FPGAs have been playing an increasing role in the development of Software-Designed-Radio, making projects simpler and cheaper thanks to COTS components. Red Pitaya is no stranger to this development and has actually created a specific model for this purpose: the SDRlab 122-16, with increased 16-bit ADC and 14-bit DAC resolution, and a sampling rate of 122.88 MS/s.
In their newly published article, “The Prototype of a Fast Vertical Ionosonde Based on Modern Software-Defined Radio Devices”, A.V. Shindin et al. demonstrate how this technology makes the monitoring of HF radio wave reflection in the ionosphere – by implementing chirp ionosondes – accessible to low-to-medium-budget projects. The general concept is no novelty, since ionograms have been generated since the 1920s, using traditional RF equipment for vertical sounding of the ionosphere with short coded pulses. The new prototype also uses an HF radar station to emit the same type of pulses, with a filling frequency between 1 and 20 MHz, which are then reflected by the ionosphere, captured by a receiver, recorded and processed, resulting in a height-frequency graph which quantifies the electron concentration profile over an altitude range of 80 – 700 km.
The emitter uses a traditional CADI ionosonde, upgraded with modern components. In a classic setup, this ionosonde obtains a higher signal-to-noise ratio by averaging its measurements over four pulses at the same frequency, resulting in a sweep time of 40 seconds and an additional processing time of one minute, with a height resolution of 3 km.
Figure 1 shows the transmitter part of the ionosonde prototype, including an amplifier power supply (1), linear amplifier A600 (2), 5 W preamplifier (3), Red Pitaya SDRlab 122-16 in a 3D-printed case as a master oscillator, or probe pulse generator (4), and a matched load (5).

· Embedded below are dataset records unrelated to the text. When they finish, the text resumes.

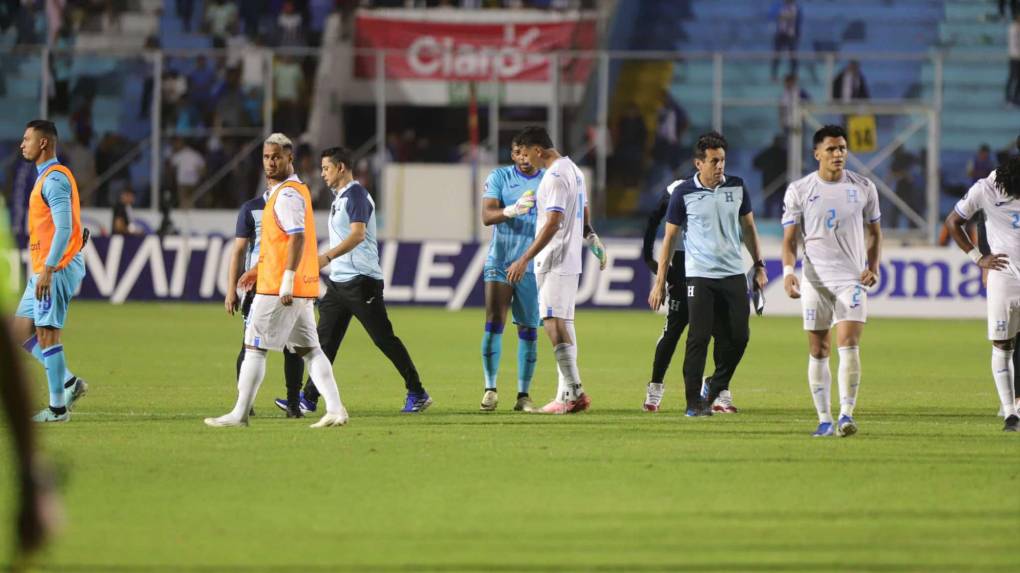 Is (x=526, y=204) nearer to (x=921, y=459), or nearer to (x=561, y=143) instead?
(x=921, y=459)

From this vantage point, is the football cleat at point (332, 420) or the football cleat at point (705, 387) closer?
the football cleat at point (332, 420)

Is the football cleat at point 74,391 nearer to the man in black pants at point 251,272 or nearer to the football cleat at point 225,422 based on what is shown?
the man in black pants at point 251,272

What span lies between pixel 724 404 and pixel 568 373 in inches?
53.1

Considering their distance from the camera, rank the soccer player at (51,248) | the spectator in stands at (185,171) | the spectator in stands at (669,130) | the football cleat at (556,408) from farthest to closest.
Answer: the spectator in stands at (669,130), the spectator in stands at (185,171), the football cleat at (556,408), the soccer player at (51,248)

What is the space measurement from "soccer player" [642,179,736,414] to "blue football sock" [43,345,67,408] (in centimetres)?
453

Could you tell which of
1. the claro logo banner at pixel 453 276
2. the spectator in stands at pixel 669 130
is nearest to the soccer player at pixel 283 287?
the claro logo banner at pixel 453 276

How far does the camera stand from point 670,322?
13461mm

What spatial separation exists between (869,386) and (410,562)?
967cm

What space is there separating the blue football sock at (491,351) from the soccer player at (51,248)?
3.25 metres

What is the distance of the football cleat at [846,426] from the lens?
1106cm

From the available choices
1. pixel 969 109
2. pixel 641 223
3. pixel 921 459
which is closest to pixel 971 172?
pixel 969 109

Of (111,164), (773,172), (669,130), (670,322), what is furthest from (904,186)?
(670,322)

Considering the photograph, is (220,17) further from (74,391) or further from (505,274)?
(74,391)

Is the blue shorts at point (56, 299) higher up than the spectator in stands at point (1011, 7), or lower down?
lower down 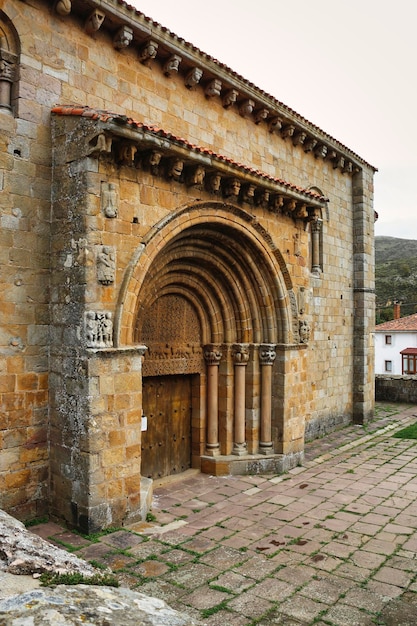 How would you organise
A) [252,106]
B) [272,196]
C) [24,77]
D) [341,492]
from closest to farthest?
1. [24,77]
2. [341,492]
3. [272,196]
4. [252,106]

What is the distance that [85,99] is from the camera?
660 centimetres

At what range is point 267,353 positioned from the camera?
854 centimetres

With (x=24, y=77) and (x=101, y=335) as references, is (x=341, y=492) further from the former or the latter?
(x=24, y=77)

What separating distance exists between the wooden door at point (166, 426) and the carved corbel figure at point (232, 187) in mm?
3027

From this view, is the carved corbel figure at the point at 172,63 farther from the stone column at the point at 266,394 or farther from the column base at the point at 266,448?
the column base at the point at 266,448

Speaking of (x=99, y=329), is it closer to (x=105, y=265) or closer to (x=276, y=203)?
(x=105, y=265)

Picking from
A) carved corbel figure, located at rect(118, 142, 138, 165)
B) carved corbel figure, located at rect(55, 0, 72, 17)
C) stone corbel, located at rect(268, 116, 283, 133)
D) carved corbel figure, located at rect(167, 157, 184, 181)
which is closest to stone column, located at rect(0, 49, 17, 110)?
carved corbel figure, located at rect(55, 0, 72, 17)

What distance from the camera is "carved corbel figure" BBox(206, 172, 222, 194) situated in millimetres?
7000

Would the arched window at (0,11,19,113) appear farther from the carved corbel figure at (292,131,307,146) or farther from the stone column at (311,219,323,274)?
the stone column at (311,219,323,274)

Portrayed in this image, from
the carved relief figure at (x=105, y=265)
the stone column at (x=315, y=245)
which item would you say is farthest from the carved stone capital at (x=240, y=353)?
the stone column at (x=315, y=245)

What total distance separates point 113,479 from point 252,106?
702 cm

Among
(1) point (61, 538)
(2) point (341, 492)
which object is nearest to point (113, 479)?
(1) point (61, 538)

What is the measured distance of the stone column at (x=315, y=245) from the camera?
11883mm

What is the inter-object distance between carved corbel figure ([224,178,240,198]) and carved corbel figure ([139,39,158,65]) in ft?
6.98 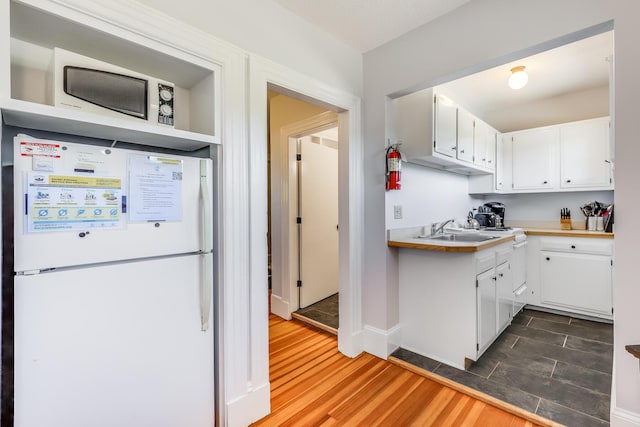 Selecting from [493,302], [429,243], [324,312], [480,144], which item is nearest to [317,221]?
[324,312]

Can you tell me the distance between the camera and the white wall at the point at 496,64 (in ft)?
4.43

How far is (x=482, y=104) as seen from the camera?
3.72m

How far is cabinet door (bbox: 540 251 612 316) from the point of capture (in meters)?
2.86

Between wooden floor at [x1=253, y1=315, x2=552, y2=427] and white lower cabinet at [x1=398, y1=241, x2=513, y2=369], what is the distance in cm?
31

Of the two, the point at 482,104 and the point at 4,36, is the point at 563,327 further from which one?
the point at 4,36

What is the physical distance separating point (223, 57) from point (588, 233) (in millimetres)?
3700

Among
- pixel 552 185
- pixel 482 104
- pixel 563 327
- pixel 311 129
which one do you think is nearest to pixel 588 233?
pixel 552 185

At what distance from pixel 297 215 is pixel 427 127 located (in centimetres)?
160

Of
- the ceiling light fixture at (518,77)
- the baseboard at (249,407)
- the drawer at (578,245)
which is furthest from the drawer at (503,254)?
the baseboard at (249,407)

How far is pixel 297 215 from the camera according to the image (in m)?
3.24

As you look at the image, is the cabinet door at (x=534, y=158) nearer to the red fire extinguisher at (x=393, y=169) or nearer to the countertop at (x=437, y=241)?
the countertop at (x=437, y=241)

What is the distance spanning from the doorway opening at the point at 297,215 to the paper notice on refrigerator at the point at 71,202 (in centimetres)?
203

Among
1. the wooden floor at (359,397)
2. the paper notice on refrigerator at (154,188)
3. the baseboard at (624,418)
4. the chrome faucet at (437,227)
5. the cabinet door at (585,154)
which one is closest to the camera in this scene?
the paper notice on refrigerator at (154,188)

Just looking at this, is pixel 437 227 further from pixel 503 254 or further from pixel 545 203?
pixel 545 203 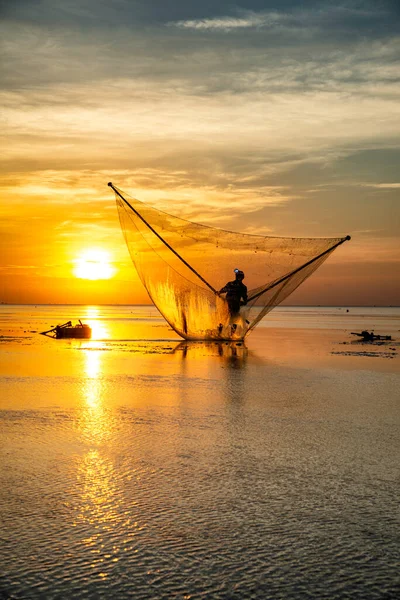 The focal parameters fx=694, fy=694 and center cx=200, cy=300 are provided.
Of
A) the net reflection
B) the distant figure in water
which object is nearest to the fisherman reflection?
the distant figure in water

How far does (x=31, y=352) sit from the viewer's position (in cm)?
1900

The receiver part is based on a two-channel SDR device, with modified upconverters to filter the HF signal and move it to the 120-130 MHz range, and a low-noise amplifier for the input signal.
Besides the smaller and cheaper hardware, user-friendly software is also key in determining the functionality and purpose of the devices. In this specific case, the open-source packages and the dynamic Red Pitaya user community makes the SDRlab configuration extremely straightforward and very effective with regard to functionality and operating speed. To obtain fast ionograms, the pulse repetition period was reduced from 25 to 5 ms, the averaging of the received signal was eliminated, and the frequency sweep range limited to 10 MHz, resulting in real-time ionogram recording and sounding times of 0.9 s (making it almost instant, compared to the former one-minute processing time). The height resolution was improved, using a GNU radio framework for the software to record ionograms, reaching a 1.5 km accuracy. Moreover, it was possible to run the entire process on a standard quad-core laptop.
The test results obtained with the prototype have shown that it can withstand continuous 24h-operation. Test runs with different types of antenna have shown that the best results were obtained with a large diagnostic transmitting/receiving antenna (in-phase horizontal antenna array 126 x 126 m, suspended on 16m-high masts) with three resonant frequencies (2.95, 4.6 and 5.7 MHz). Figure 2 shows comparative results between the fast ionosonde prototype and the classic CADI-setup with this antenna.
The article demonstrates that ionograms can be generated with significantly shorter cycle times (seconds vs. minutes), allowing the monitoring of fast ionospheric movements. Not only is this setup faster, but thanks to its off-the-shelf components it can also be carried out on a budget which is at least one order of magnitude smaller than previously possible. Naturally, there is always room for improvement. A future version will allow the SDRlab 122 to play an even bigger role in such tasks, by also implementing it in the receiver setup, which will further reduce the overall cost of the resulting system.